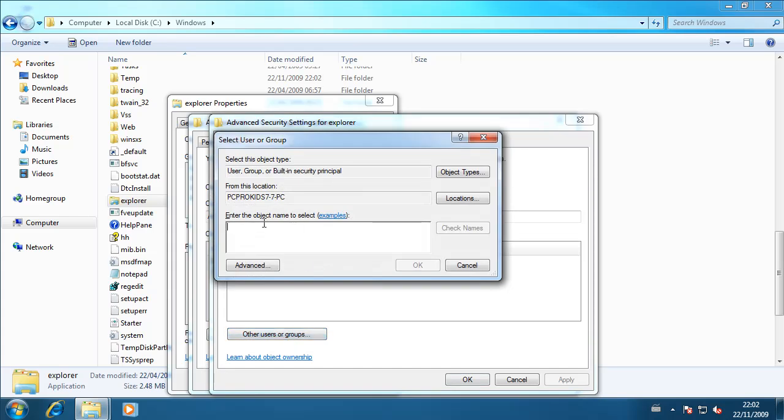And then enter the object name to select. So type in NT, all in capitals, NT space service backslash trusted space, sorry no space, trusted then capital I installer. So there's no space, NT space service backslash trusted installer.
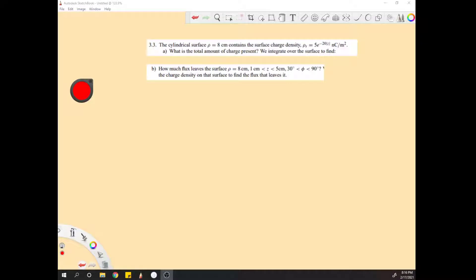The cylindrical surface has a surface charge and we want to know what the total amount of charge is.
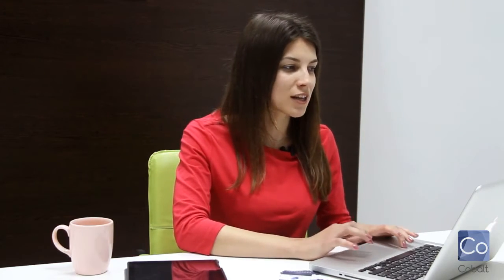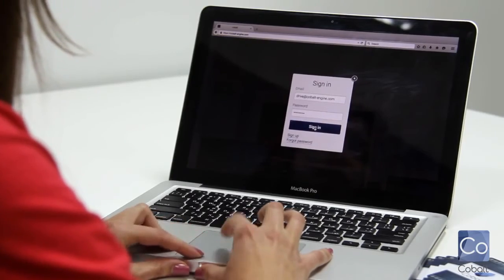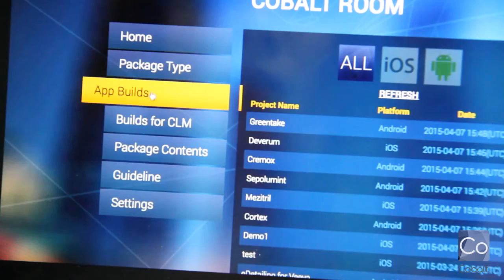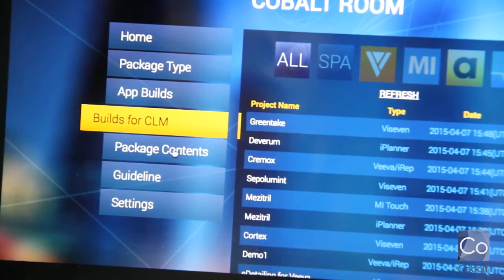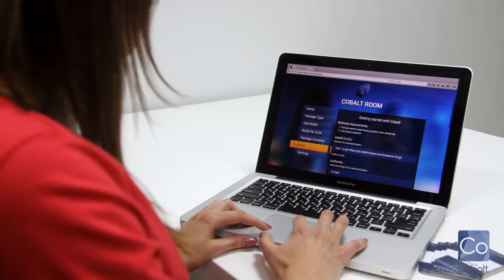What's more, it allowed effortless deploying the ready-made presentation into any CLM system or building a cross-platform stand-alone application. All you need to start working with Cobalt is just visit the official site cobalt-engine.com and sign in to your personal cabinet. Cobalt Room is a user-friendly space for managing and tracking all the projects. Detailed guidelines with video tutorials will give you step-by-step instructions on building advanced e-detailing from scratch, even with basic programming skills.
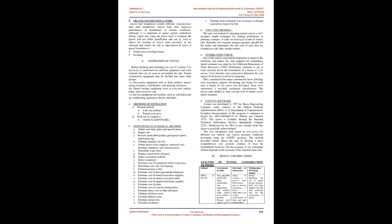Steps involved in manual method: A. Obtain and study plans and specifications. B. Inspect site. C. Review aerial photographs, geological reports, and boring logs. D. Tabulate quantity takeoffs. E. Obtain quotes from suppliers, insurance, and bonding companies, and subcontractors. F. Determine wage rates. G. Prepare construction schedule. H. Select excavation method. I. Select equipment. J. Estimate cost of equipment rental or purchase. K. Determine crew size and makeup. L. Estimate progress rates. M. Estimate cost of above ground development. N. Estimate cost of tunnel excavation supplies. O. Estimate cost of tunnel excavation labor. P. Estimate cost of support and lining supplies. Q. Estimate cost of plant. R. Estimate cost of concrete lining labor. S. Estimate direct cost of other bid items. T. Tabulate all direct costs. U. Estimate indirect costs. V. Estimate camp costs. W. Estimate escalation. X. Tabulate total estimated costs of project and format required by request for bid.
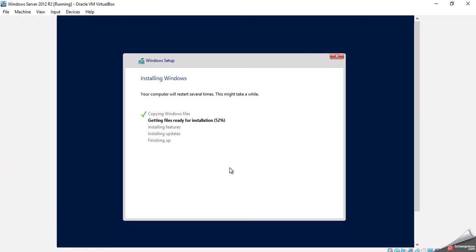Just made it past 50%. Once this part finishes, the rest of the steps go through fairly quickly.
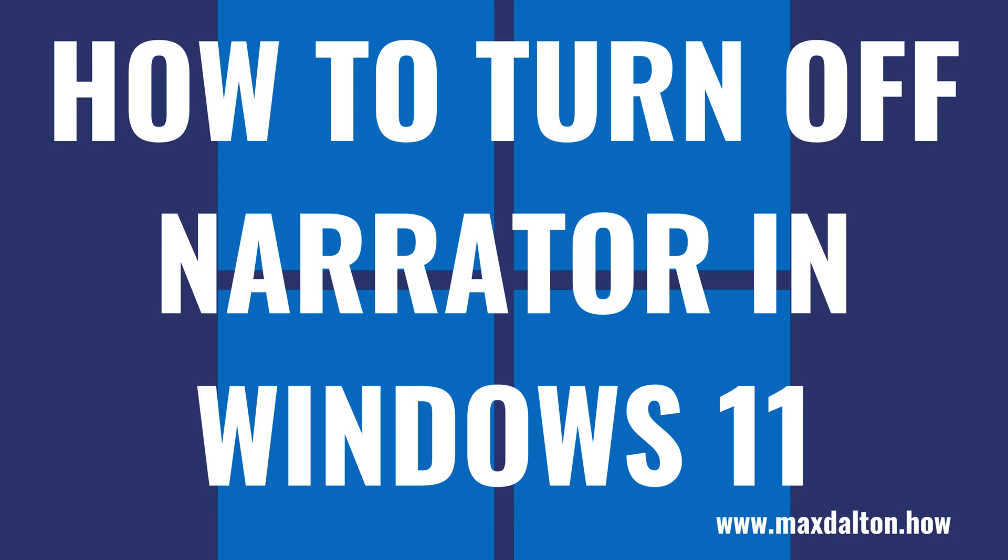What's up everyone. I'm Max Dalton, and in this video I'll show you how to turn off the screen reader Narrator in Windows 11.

──────────

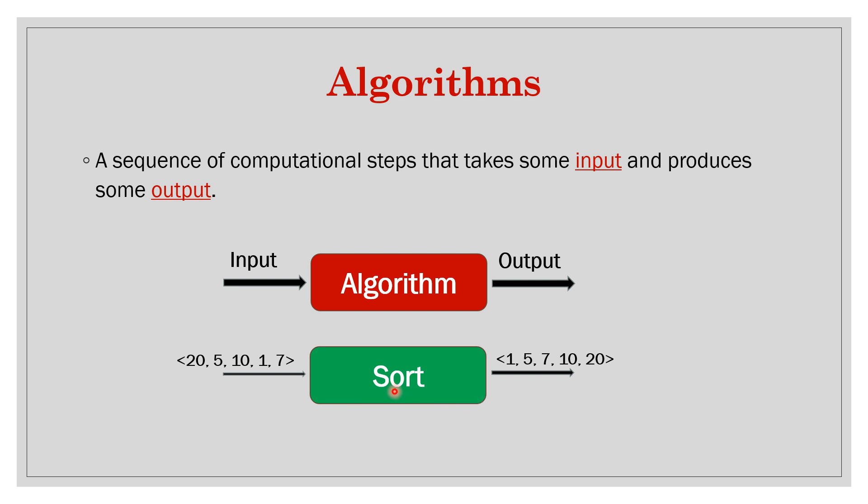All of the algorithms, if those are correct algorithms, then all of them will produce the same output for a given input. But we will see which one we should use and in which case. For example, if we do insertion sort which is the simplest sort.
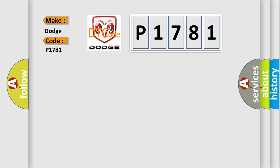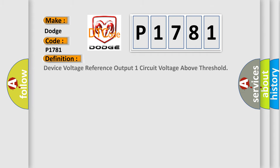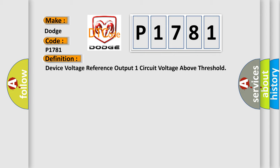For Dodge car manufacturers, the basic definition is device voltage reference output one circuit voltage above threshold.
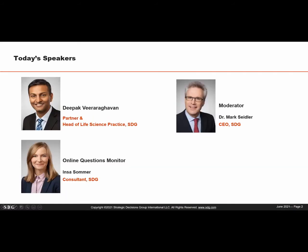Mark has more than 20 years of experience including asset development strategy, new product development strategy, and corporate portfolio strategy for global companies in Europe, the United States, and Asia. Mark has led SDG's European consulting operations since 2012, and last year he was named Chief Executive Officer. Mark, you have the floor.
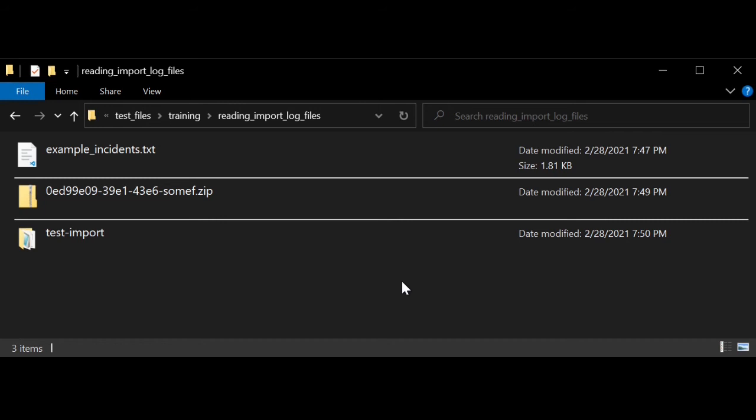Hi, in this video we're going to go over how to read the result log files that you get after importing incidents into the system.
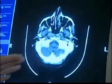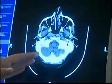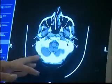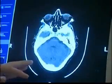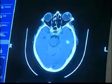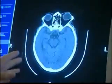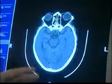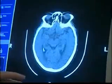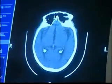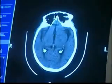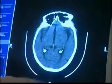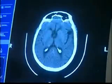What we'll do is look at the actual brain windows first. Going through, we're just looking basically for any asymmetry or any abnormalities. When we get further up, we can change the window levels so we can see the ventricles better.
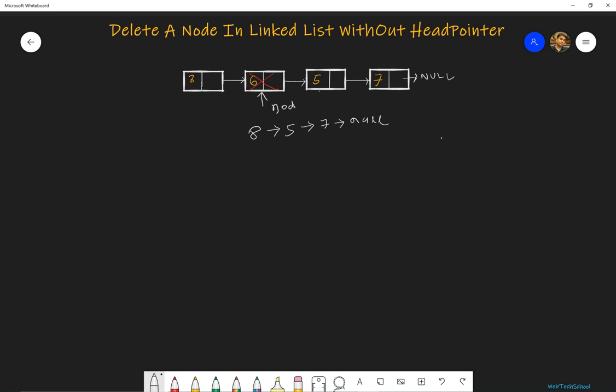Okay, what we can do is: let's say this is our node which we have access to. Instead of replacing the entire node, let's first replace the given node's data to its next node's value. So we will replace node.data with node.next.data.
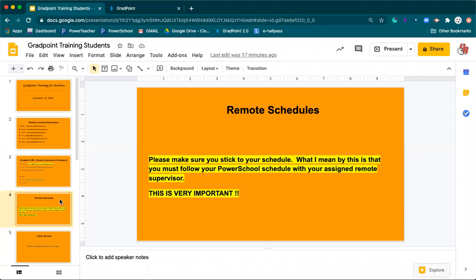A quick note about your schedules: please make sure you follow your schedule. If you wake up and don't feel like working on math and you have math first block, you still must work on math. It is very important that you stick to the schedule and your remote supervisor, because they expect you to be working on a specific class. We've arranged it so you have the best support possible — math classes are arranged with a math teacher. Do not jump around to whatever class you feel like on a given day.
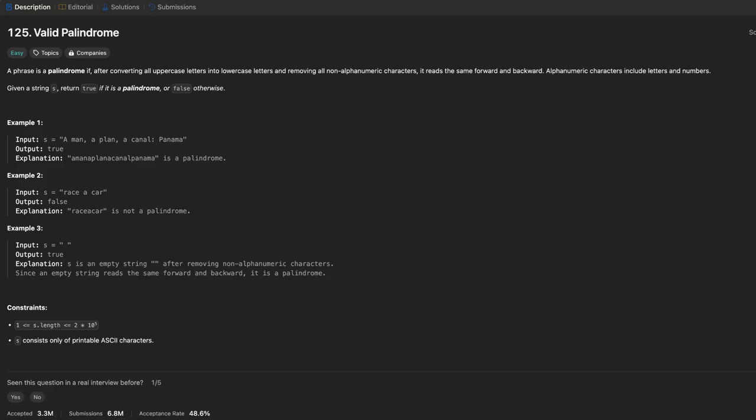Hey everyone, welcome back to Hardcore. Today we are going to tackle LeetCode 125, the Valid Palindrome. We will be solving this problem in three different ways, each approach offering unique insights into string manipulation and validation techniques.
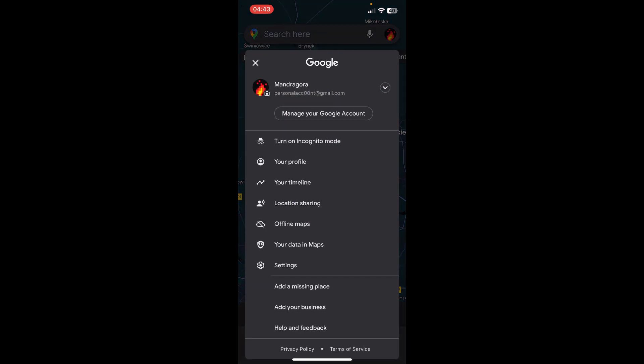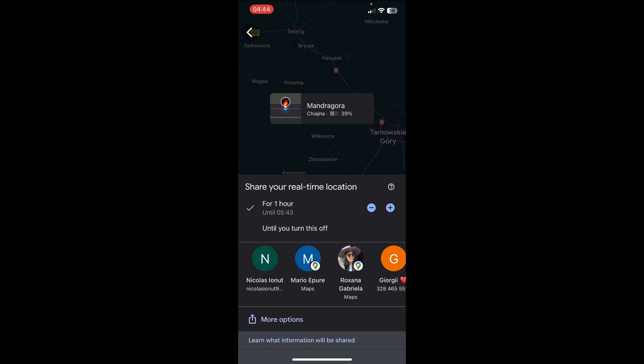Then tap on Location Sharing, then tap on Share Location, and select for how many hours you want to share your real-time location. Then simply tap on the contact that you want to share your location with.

──────────

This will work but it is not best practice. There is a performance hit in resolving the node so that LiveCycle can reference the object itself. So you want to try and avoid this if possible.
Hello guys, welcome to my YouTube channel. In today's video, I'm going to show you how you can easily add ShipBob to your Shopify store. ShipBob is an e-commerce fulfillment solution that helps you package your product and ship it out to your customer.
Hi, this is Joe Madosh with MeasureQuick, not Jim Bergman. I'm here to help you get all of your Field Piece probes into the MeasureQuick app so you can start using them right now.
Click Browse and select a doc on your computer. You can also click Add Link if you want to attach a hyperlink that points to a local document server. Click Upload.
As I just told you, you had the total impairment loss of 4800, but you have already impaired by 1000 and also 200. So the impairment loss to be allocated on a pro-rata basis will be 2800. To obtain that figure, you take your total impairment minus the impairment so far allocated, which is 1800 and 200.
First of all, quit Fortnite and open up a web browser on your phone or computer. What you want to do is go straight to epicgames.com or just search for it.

──────────

Reproduce the lines above starting at the one with "Hey everyone, welcome" and ending at the one with "Then tap on Location", both included, exactly and with no pictures.

Hey everyone, welcome back to Hardcore. Today we are going to tackle LeetCode 125, the Valid Palindrome. We will be solving this problem in three different ways, each approach offering unique insights into string manipulation and validation techniques.
Then tap on Location Sharing, then tap on Share Location, and select for how many hours you want to share your real-time location. Then simply tap on the contact that you want to share your location with.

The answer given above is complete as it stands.